Hey all,
I’m currently implementing a cascading image algorithm, that is an algorithm is run on every single pixel in an image (independently), going through various ‘stages’ or ‘levels’ in the cascade, the idea being each stage/level in the cascade can early-exit, no longer requiring computation of the later (and generally more computationally intensive) stages.
My problem is, to reduce register counts - and in other cases just do things more efficiently, I need to load data into smem - however with 1 thread mapped to each pixel, once I’m at say, stage X out of Y (where X isn’t 0), there’s no garentee ALL threads in the block have made it past all cascade stages up to X - so I may have a bunch of threads who’ve since stopped processing entirely - and thus I don’t have a contiguous set of threads in which I can efficiently load data into smem with. (eg: each consecutive thread loads consecutive gmem words into consecutive smem words).

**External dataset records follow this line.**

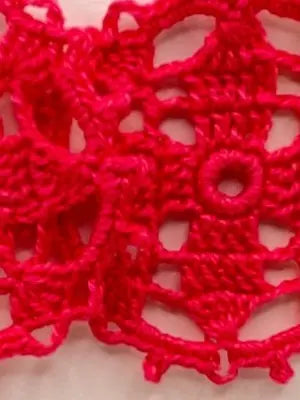 Circular earring in red Tangles & Twine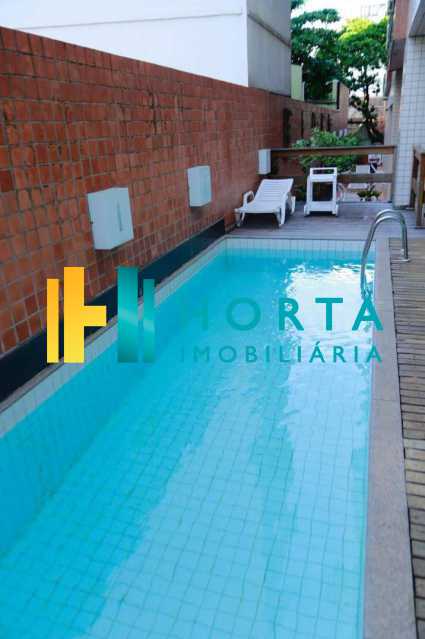 Conheça piscina do imóvel - Excelente Flat em Ipanema localizado entre a Praia e a Lagoa. Imóvel composto de sala e quarto, banheiro social, cozinha americana, varanda, vaga na escritura, serviço de quarto. Serviço de lavanderia, academia, piscina, sauna, sala de tv, área de convivê - CPFL10005 - 21 piscina - Excelente Flat em Ipanema localizado entre a Praia e a Lagoa. Imóvel composto de sala e quarto, banheiro social, cozinha americana, varanda, vaga na escritura, serviço de quarto. Serviço de lavanderia, academia, piscina, sauna, sala de tv, área de convivê - CPFL10005 - 21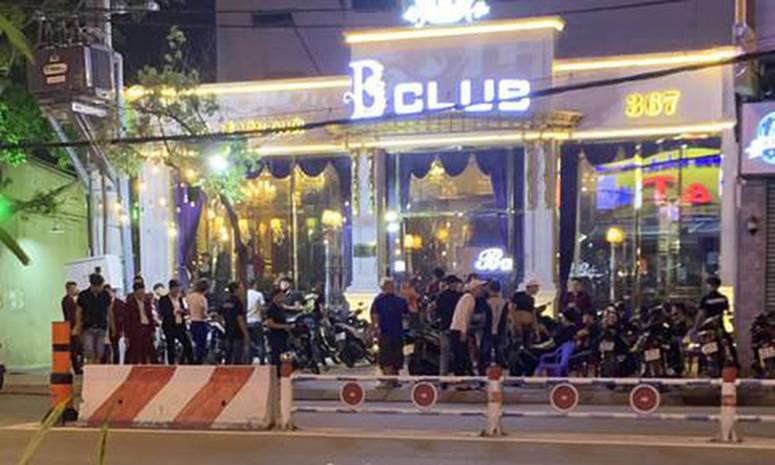 Hàng trăm dân chơi tháo chạy tán loạn khỏi quán bar ở Sài Gòn khi bị kiểm tra-3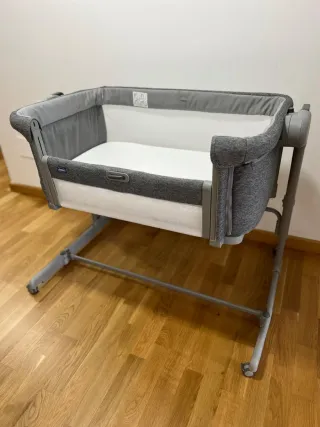 Cuna colecho Chicco Next2Me Magic EVO Gris
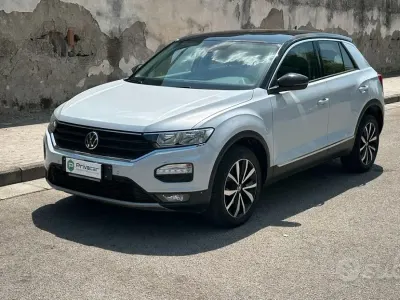 Usata VW T-Roc Style 116 CV (85 kW) 2020 Bianco SUV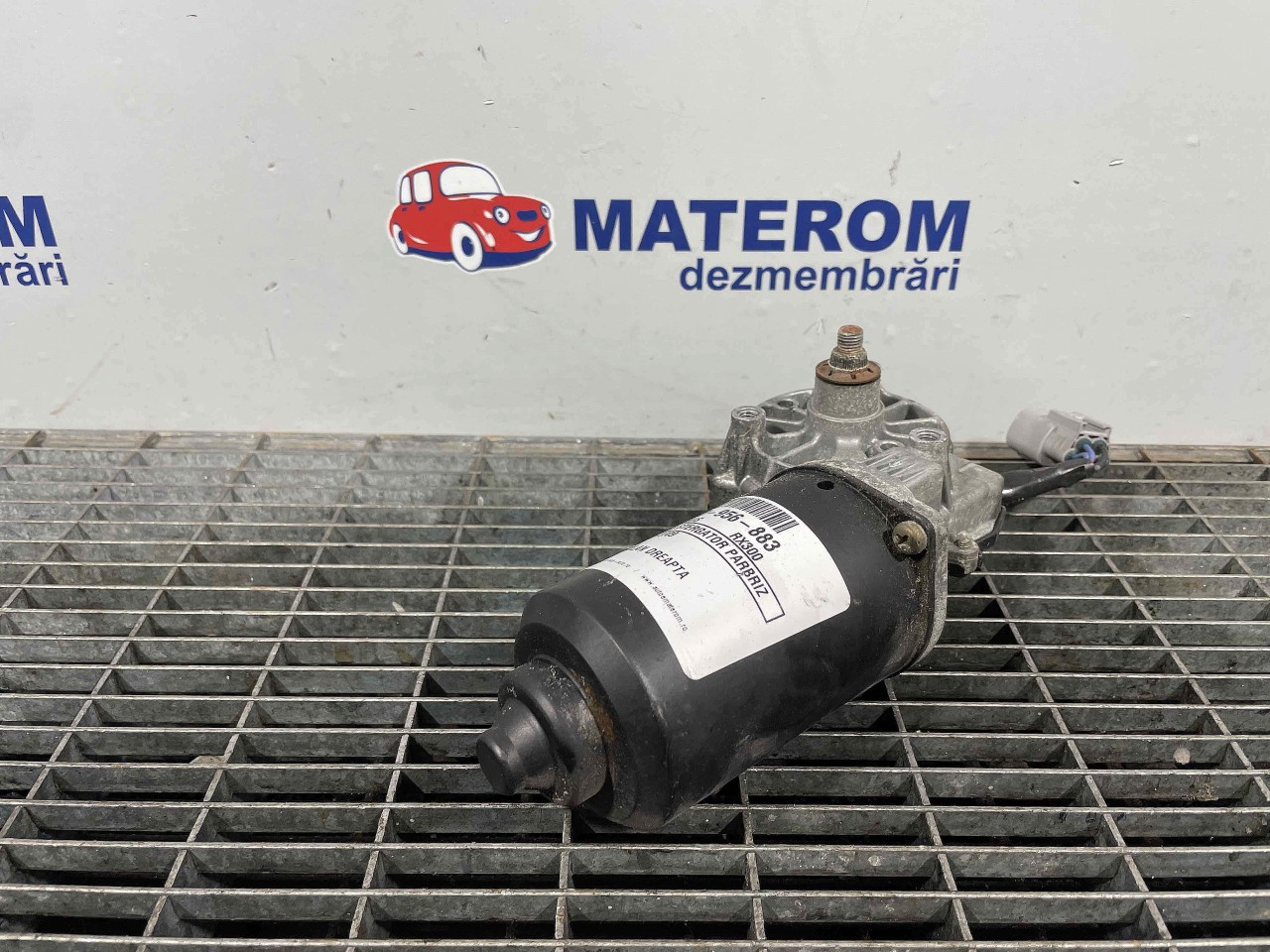 MOTORAS STERGATOR PARBRIZ LEXUS RX RX - - (2004 2009)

Similarly, I have no guarantee that thread 0 (the thread I generally use for block-level loading of trivial smem data)
Is there a solution to this fragmented block / shared memory problem?

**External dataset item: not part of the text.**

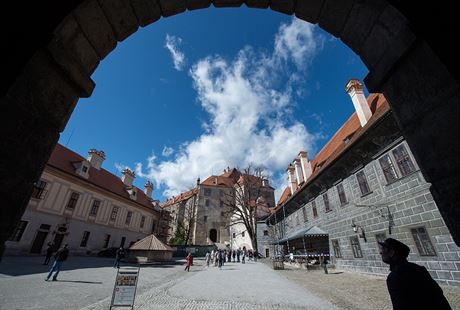 Nádvoí eskokrumlovského zámku jsou bn plná turist. Te jsou poloprázdná.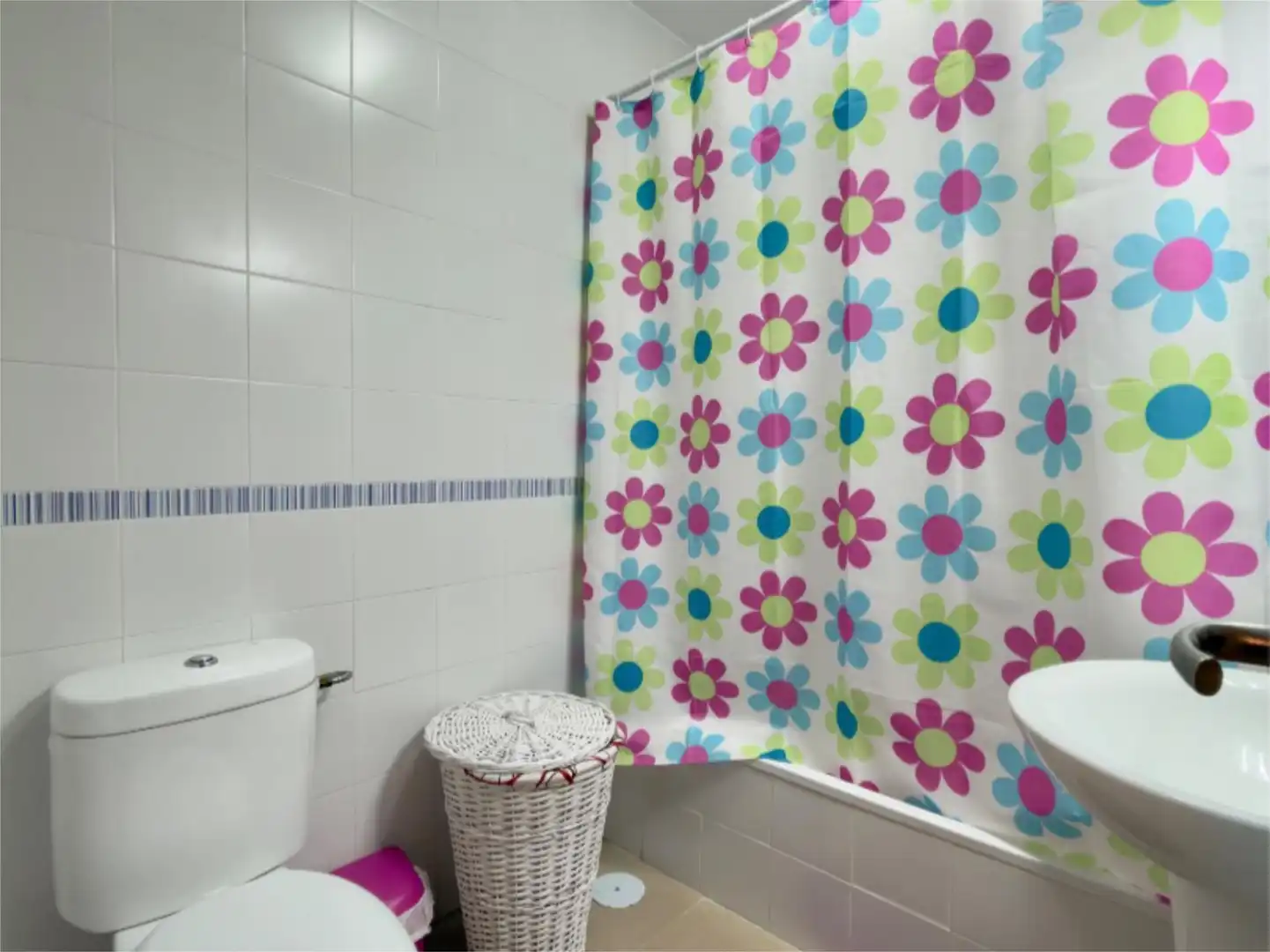 Flat for sale in Calle Virgen del Rocio, 2, Villamartín Bathroom of Flat for sale in Villamartín with Air Conditioner and Balcony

At present, to get reliable results I have to use a single thread for loading all smem data (inefficient), and worse - I have to modify the algorithm so that particular thread iterates through all stages in the cascade - even if it never passed the previous stages (this adding additional divergent branches, and logic complexity to an already computation bound kernel).
Any advice/ideas would be greatly appreciated.

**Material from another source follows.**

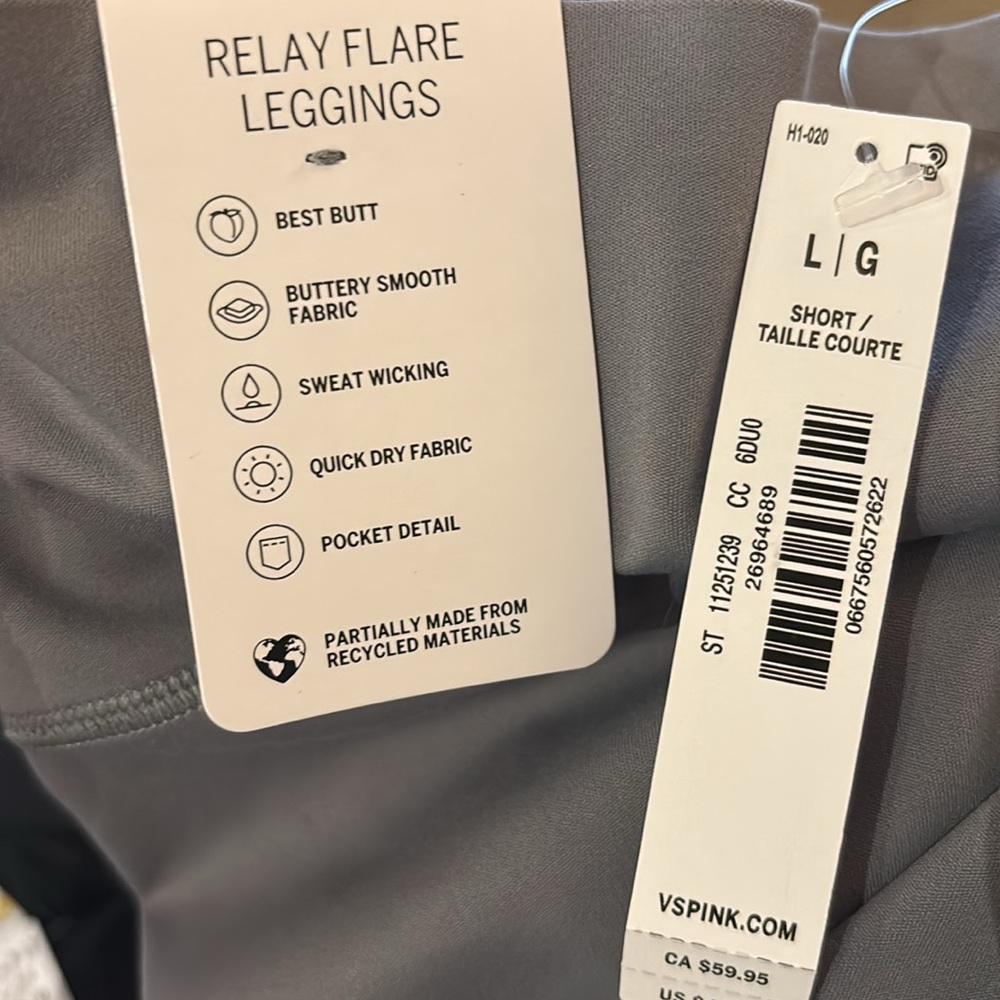 PINK Victoria's Secret Relay Flare Leggings - Picture 8 of 9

My current performance measurements are down to 16 registers (8 bytes of lmem :( which is essentially 2 registers) and 2.2 million instructions in 9.1ms on a 560x600 image - 300,000 branches, 11,000 divergent (however my branches are as minimalistic as can be, short of introducing exponentially more instructions as a result of removing branches), no warp divergence, 256 threads per block, 0.667 Occupancy on an 8800 (1.1 compute capability) - 150 uncoalesced stores (impossible to coalesce), 2805 coalesced reads.
So I’ve spent the past 16 working hours literally trying to reduce register count / lmem usage / instruction counts - with little luck, my only hope appears to be a solution to the above problem.